Wednesday, April 22, 2009

Attractive opposites



Reading through a book called Dynamic Duos, by Keith Swain. He uses evolutionary psychology and a survey to make the case that gay men mate most successfully when there is an Alpha & Beta coupling: the alpha being the more traditionally masculine and the beta with a higher dose of the feminine. His advice is to conform to this pattern rather than to try to resist it. Not finished yet --it is strangely and, to me, poorly laid out-- but it covers territory from a social science point of view that I have seen elsewhere from archetypal and a psychoanalytical ones. He uses the figures of the Hero and the Sidekick to illustrate the point.

Heroes and Sidekicks, from Gilgamesh and Enkidu to Holmes and Watson, to Batman and Robin, are a fascinating study in male love, even where the pairing is not sexual. Jesus had his Peter, Buddha his Ananda. It is a natural and necessary part of the larger male soul for some to serve others. How else could an army be maintained? Alphas and Betas need each other, precisely as men.

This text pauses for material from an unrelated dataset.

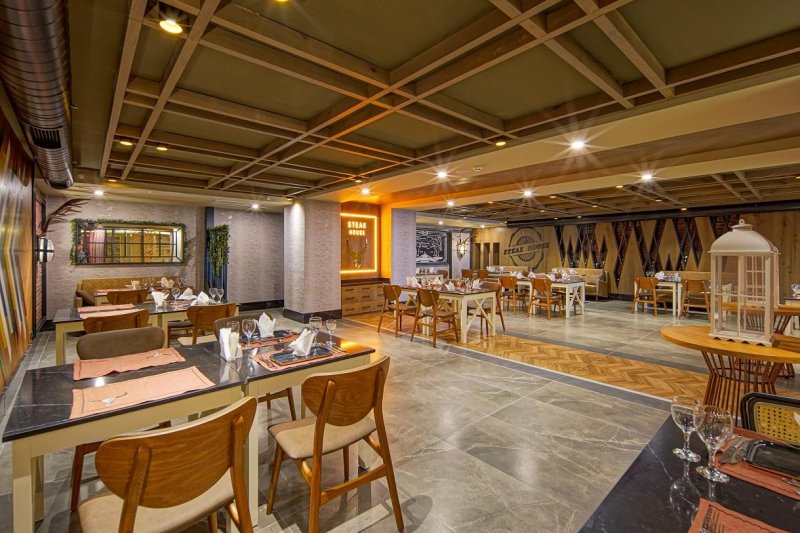 Diamond De Luxe Hotel & Spa Side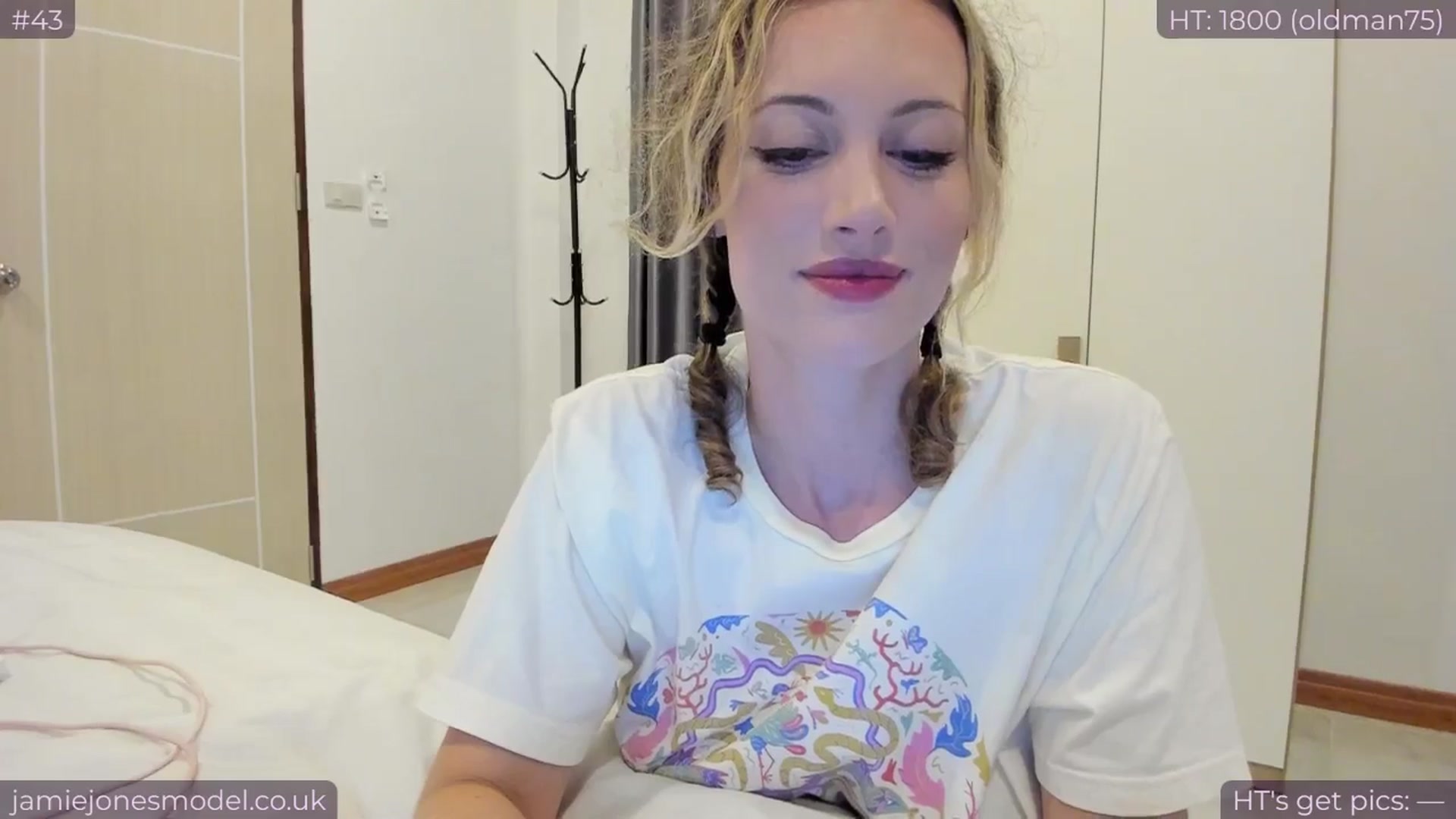 Gallery image thumbnail from jamiejones's myfreecams stream on, 11/16/2024, 13:43 image 17 of 20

The Canadian Jungian analyst Graham Jackson wrote two books in the early 90's in which he makes the case for two basic kinds of male coupling which somewhat echo the masculine/feminine polarity. Whether the dyad is on the brother-brother model or the father-son model, Jackson saw in both fiction and his cases an attraction between sun-identified thinking types and earth-focussed feeling types, on the one hand, and dominant fact-oriented hierarchical men of duty and submissive intuitive artistic men of passion. The Yellow Man with the Green Man, the Blue Man with the Red Man.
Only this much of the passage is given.